VM Load balancing
A generic definition (from Wikipedia), is:
In computing, load balancing distributes workloads across multiple computing resources, such as computers, a computer cluster, network links, central processing units or disk drives.
In the case of virtualization, you have multiple physical hosts, which runs your virtual machines (VMs). The goal here is to distribute the VMs load in the best way possible on your servers.
Maybe you already heard about VMWare DRS (Distributed Resource Scheduler): that's the same principle here, but for XCP-ng.
So the first objective is to adapt your VM placement in live (without service interruption), depending of the load. Because Xen Orchestra is connected to multiple pools and XCP-ng supports live storage motion, we can perform load balancing on a whole XCP-ng infrastructure (even between remote datacenters). A load balancing policy is called a "plan".
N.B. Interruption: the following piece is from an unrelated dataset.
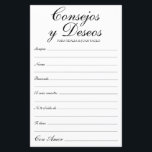 Advice and Wishes Spanish<br><div class="desc">These elegant, black and white, modern, handwritten Spanish script Consejos y Deseos/Advice & Wishes sheets are perfect to have for your bridal shower, rehearsal dinner or wedding guests fill out for the happy couple. People will love having the prompts - they make it so easy to leave loving words of...</div>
Let's take a simple example, with these 2 hosts running 6 VMs:
Let's say both hosts are using only 5% of all their CPUs. Suddenly, one of your VM starts to have a very high CPU load (in yellow): performance of other VMs on this same host could be impacted negatively (in pink):
Host 1 still using 5% of its CPUs, but
Host 2 is now a 95%.
We are detecting it and now move others VM to the other host, like this:
Host 1 has a slightly increased load, but
Host 2 can be fully used for the "problematic" VM without disrupting service of other VMs.
This way, the impact of your high load usage on one VM doesn't penalize everyone.
But it's not the only way to see this: there is multiple possibilities to "optimize" your existing resource usage:
- maybe you want to spread the VM load on the maximum number of server, to get the most of your hardware? (previous example)
- maybe you want to reduce power consumption and migrate your VMs to the minimum number of hosts possible? (and shutdown useless hosts)
- or maybe both, depending of your own schedule?
Those ways can be also called modes: "performance" for 1, "density" for number 2 and "mixed" for the last.
Configure a plan
In this coming new view, you'll be able to configure a new load balancing plan, or edit an existing one.
A plan has:
- a name
- pool(s) where to apply the policy
- a mode (see paragraph below)
- a behavior (aggressive, normal, low)
There are 3 modes possible:
VMs are placed to use all possible resources. This means balance the load to give the best overall performance possible. This tends to use all hosts available to spread the load.
This time, the objective is to use the least hosts possible, and to concentrate your VMs. In this mode, you can choose to shutdown unused (and compatible) hosts.
This mode allows you to use both performance and density, but alternatively, depending of a schedule. E.g:
- performance from 6:00 AM to 7:00 PM
- density from 7:01 PM to 5:59 AM
In this case, you'll have the best of both when needed (energy saving during the night and performance during the day).
In a plan, you can configure various thresholds:
- CPU threshold
- Free memory
If the CPU threshold is set to 90%, the load balancer will be only triggered if the average CPU usage on a host is more than 90%.
For free memory, it will be triggered if there is less free RAM than the threshold.
The global situation (resource usage) is examined every minute.
TODO: more details to come here
VM anti-affinity is a feature that prevents VMs with the same user tags from running on the same host. This functionality is available directly in the load-balancer plugin. This way, you can avoid having pairs of redundant VMs or similar running on the same host.
Let's look at a simple example: you have multiple VMs running MySQL and PostgreSQL with high availability/replication. Obviously, you don't want to lose the replicated database inside the VMs on the same physical host. Just create your plan like this:
- Simple plan: means no active load balancing mechanism used
- Anti-affinity: we added our 2x tags, meaning any VMs with one of these tags will never run on the same host (if possible) with another VM having the same tag
You can also use the performance plan with the anti-affinity mode activated to continue to migrate non-tagged VMs.
This feature is not limited by the number of VMs using the same tag, i.e. if you have 6 VMs with the same anti-affinity tag and 2 hosts, the plugin will always try to place 3 VMs on each host. It will distribute as much as possible the VMs fairly and it takes precedence (in the majority of the cases) over the performance algorithm.